Source: Discovery |

This behavior is consistent with quantum mechanical theory and has been demonstrated experimentally, and it is accepted by the physics community. However there is some debate about a possible underlying mechanism that enables this correlation to occur even when the separation distance is large. The difference in opinion derives from espousal of various interpretations of quantum mechanics.

Research into quantum entanglement was initiated by a paper of Albert Einstein, Boris Podolsky and Nathan Rosen in 1935; the EPR paradox, and several papers by Erwin Schrödinger shortly thereafter.Although these first studies focused on the counterintuitive properties of entanglement, with the aim of criticizing quantum mechanics, eventually entanglement was verified experimentally, and recognized as a valid, fundamental feature of quantum mechanics; the focus of the research has now changed to its utilization as a resource for communication and computation.

Quantum systems can become entangled through various types of interactions (see section on methods below). If entangled, one object cannot be fully described without considering the other(s). They remain in a quantum superposition and share a single quantum state until a measurement is made.

An example of entanglement occurs when subatomic particles decay into other particles. These decay events obey the various conservation laws, and as a result, pairs of particles can be generated so that they are in some specific quantum states. For instance, a pair of these particles may be generated having a two-state spin: one must be spin up and the other must be spin down. This type of entangled pair, where the particles always have opposite spin, is known as the spin anti-correlated case, and if the probabilities for measuring each spin are equal, the pair is said to be in the singlet state.

If each of two hypothetical experimenters, Alice and Bob, has one of the particles that form an entangled pair, and Alice measures the spin of her particle, the measurement will be entirely unpredictable, with a 50% probability of the spin being up or down. But if Bob subsequently measures the spin of his particle, the measurement will be entirely predictable―always opposite to Alice's, hence perfectly anti-correlated.

So far in this example experiment, the correlation seen with aligned measurements (i.e., up and down only) can be simulated classically. To make an analogous experiment, a coin might be sliced along the circumference into two half-coins, in such a way that each half-coin is either "heads" or "tails", and each half-coin put in a separate envelope and distributed respectively to Alice and to Bob, randomly. If Alice then "measures" her half-coin, by opening her envelope, for her the measurement will be unpredictable, with a 50% probability of her half-coin being "heads" or "tails", and Bob's "measurement" of his half-coin will always be opposite, hence perfectly anti-correlated.

However, with quantum entanglement, if Alice and Bob measure the spin of their particles in directions other than just up or down, with the directions chosen to form a Bell's inequality, they can now observe a correlation that is fundamentally stronger than anything that is achievable in classical physics. Here, the classical simulation of the experiment breaks down because there are no "directions" other than heads or tails to be measured in the coins.

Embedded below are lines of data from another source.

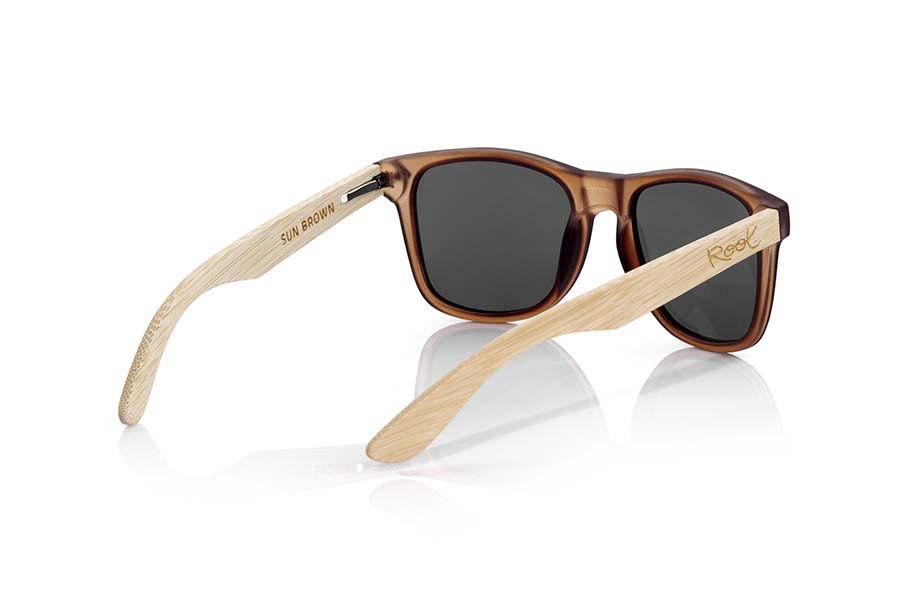 Wood eyewear of Bamboo SUN BROWN MX. SUN BROWN MX sunglasses are manufactured with the front matte transparent Brown plastic and natural bamboo wood pins combined with four colors of lenses that allow you to adapt to your style. Front size: 145x48mm for Wholesale & Retail | Root Sunglasses® 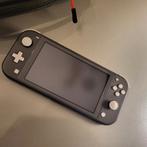 Nintendo Switch Lite Grijs + Beschermhoes, Ophalen of Verzenden, Grijs, Gebruikt, Met beschermhoes of tas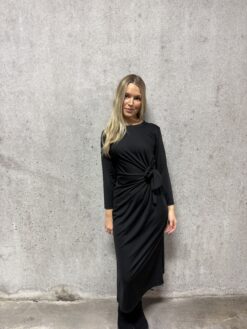 Isolde wrap dress Black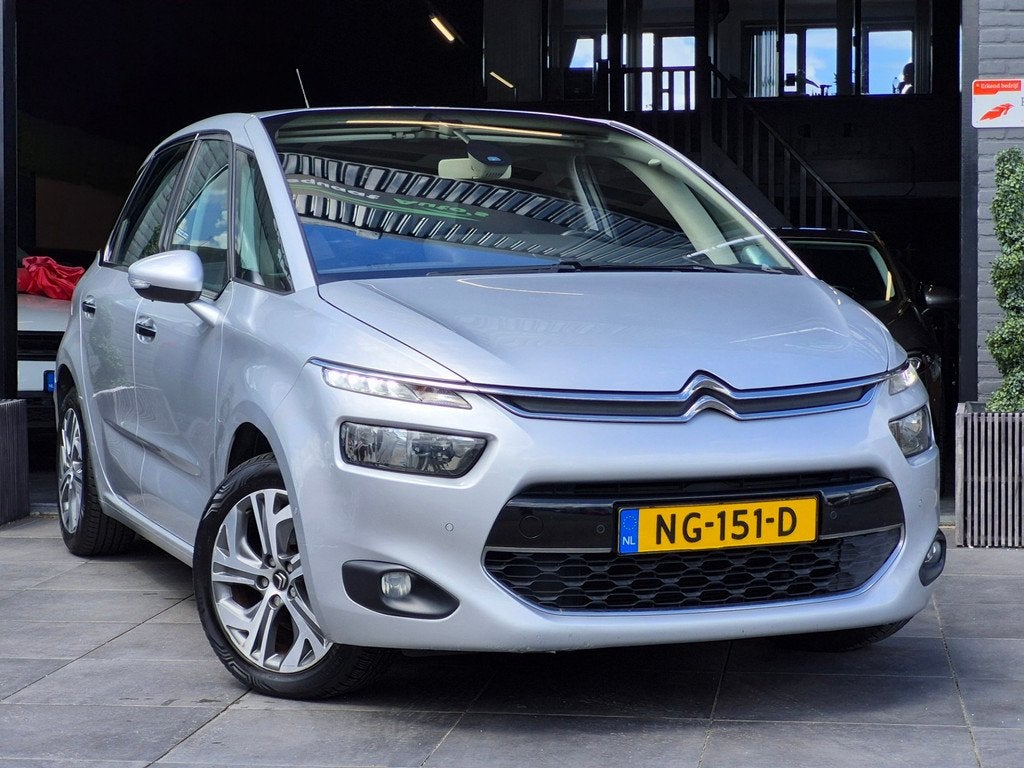 Citroen C4 Picasso 1.2 PureTech Exclusive|Trekhaak|Camera, Voorwielaandrijving, Stof, Gebruikt, 1199 cc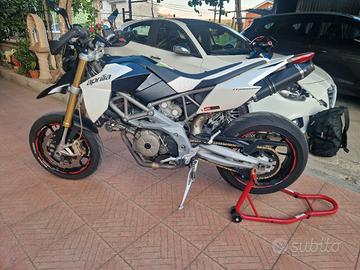aprilia dorsoduro 750 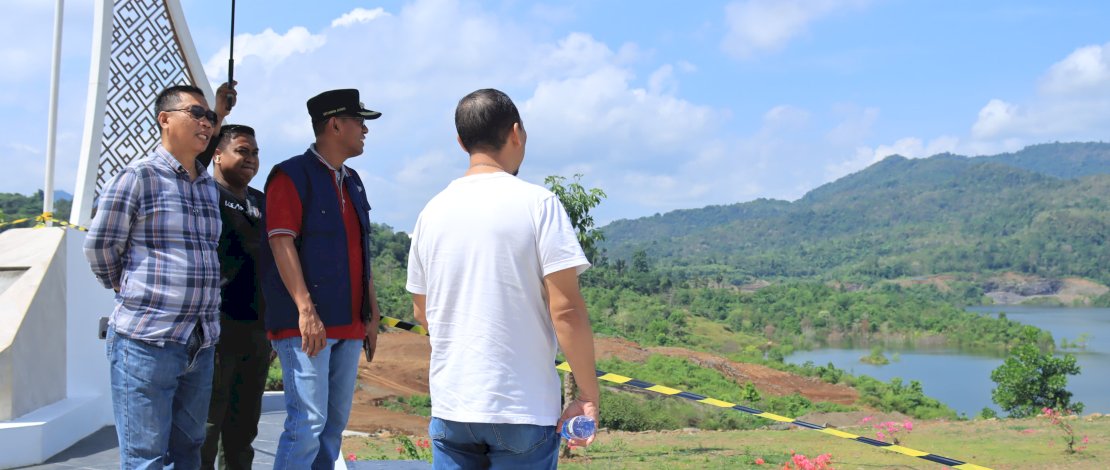 Pj Bupati Takalar Setiawan Aswad didampingi Kadis Pertanian, Satpol PP dan Damkar, dan Kadis PUPR meninjau sekaligus berkoordinasi langsung dengan pihak Bendungan Pammukulu agar pintu air segera dibuka, agar bisa mengaliri area persawahan, Minggu, 30 Juni 2024.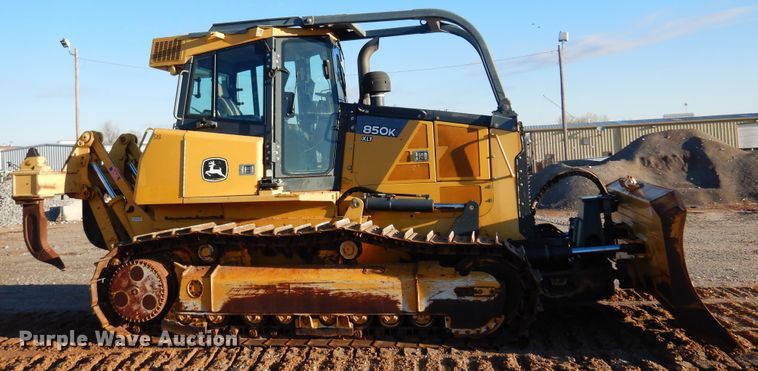 image for item DK3603 2012 John Deere 850K XLT  dozer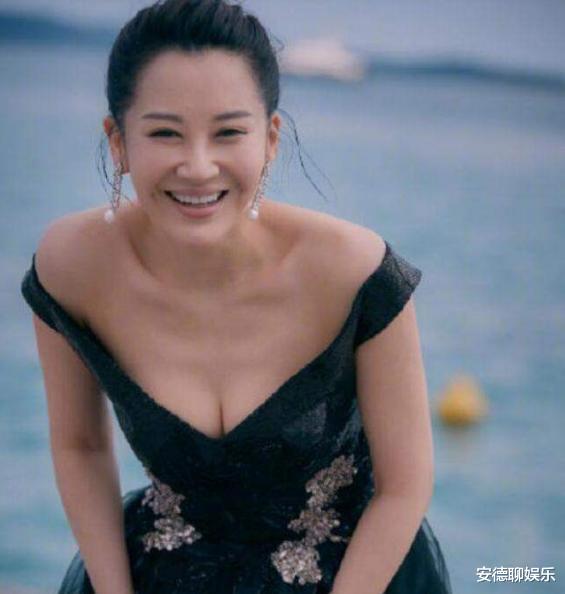 许晴|51岁的许晴至今不婚不育，她终于承认：如果他没有死，我可以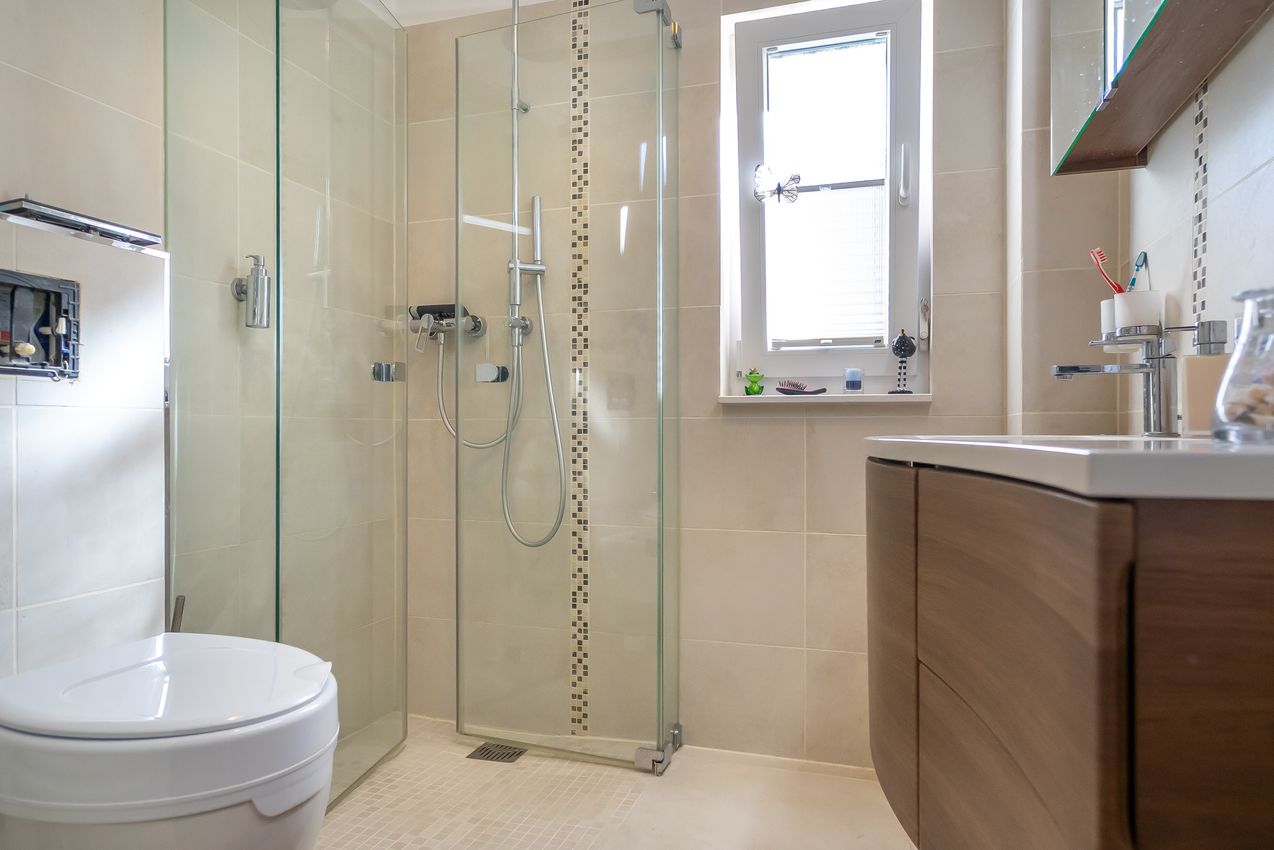 EG Duschbad mit WB und WC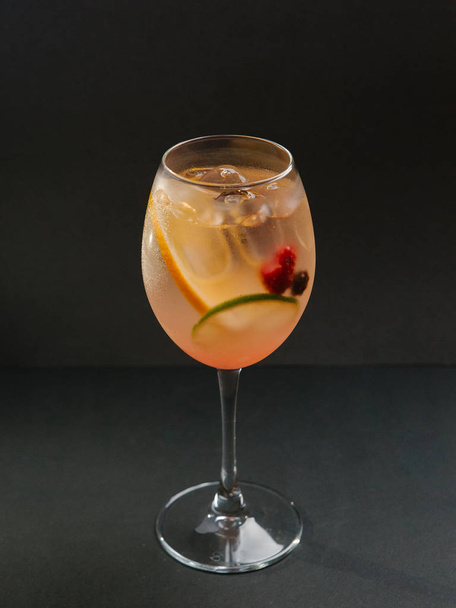 Cocktail alla vaniglia e rum bianco con lime
  - Foto, immagini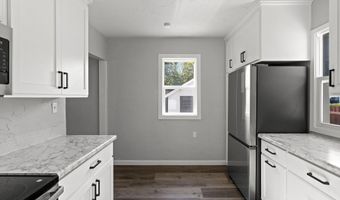 1119 N RICHMOND St, Appleton, WI 54911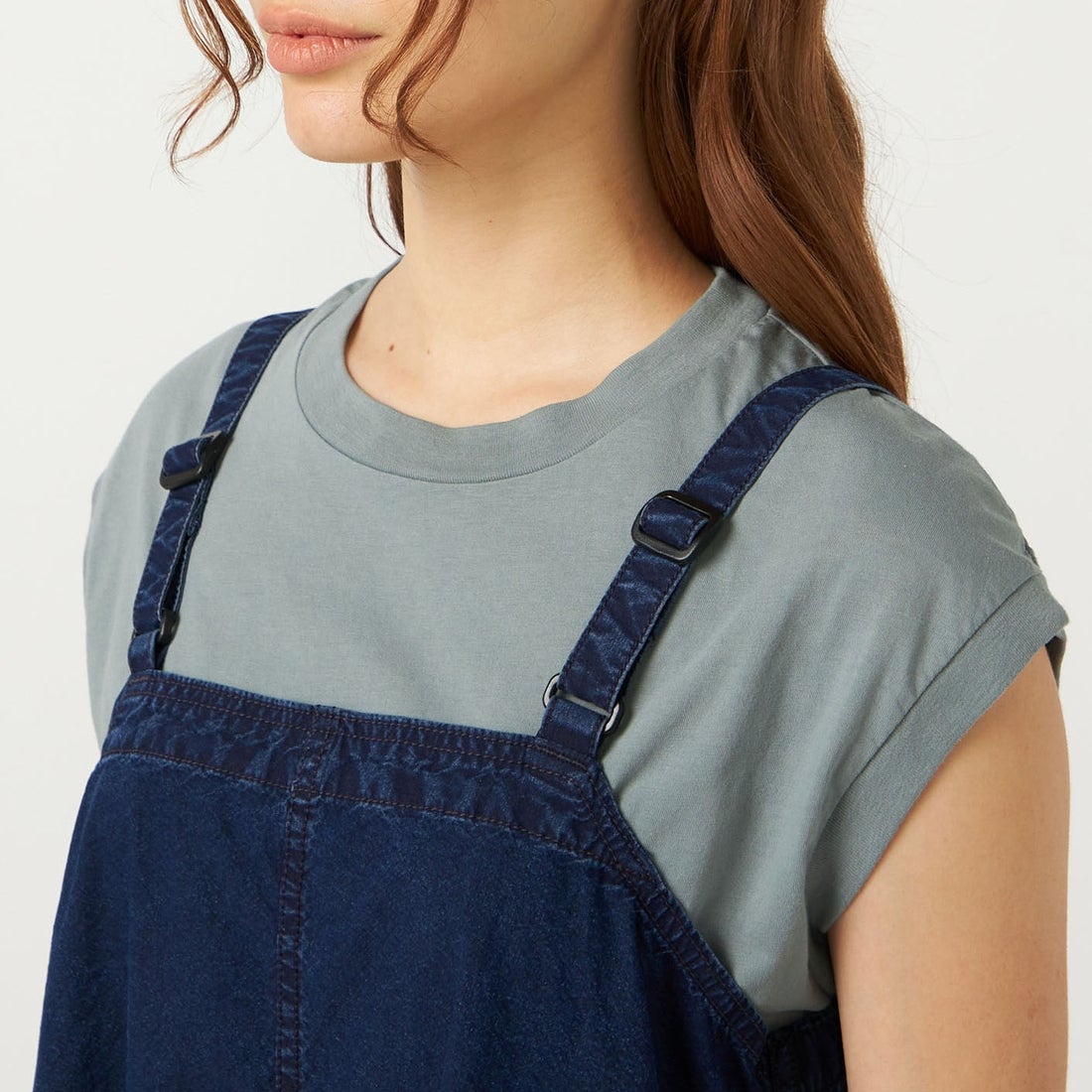 THE NORTH FACE PURPLE LABEL [ザ ノースフェイス パープルレーベル] コットンナイロンウェザー フィールドジャンパードレス [N26SF063] ID INDIGO &&モデル身長：165cm 着用サイズ：WS&&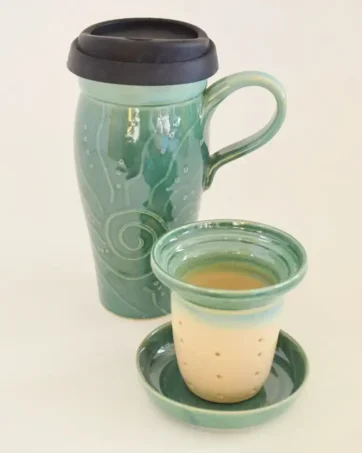 Set of Large Travel Mug with Handle and Infuser 24 oz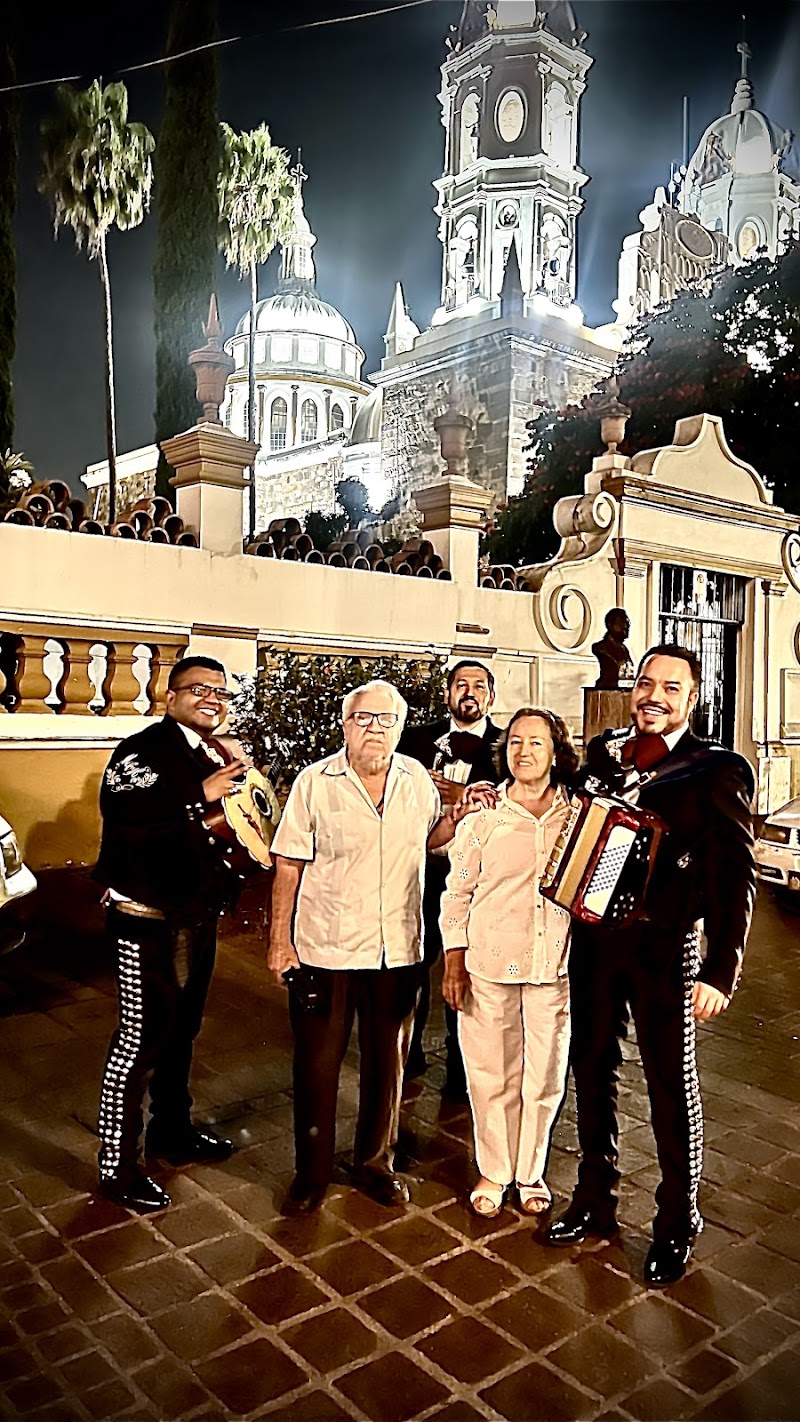 Explore Tlaquepaque for arts, crafts, and mariachi music - San Pedro Tlaquepaque - Mexico - booked ai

One might imagine that using a die instead of a coin could solve the problem, but the fundamental issue about measuring spin in different directions is that these measurements cannot have definite values at the same time―they are incompatible. In classical physics this does not make sense, since any number of properties can be measured simultaneously with arbitrary accuracy. Bell's theorem implies, and it has been proven mathematically, that compatible measurements cannot show Bell-like correlations, and thus entanglement is a fundamentally non-classical phenomenon.

Experimental results have demonstrated that effects due to entanglement travel at least thousands of times faster than the speed of light. In another experiment, the measurements of the entangled particles were made in moving, relativistic reference frames in which each respective measurement occurred before the other, and the measurement results remained correlated.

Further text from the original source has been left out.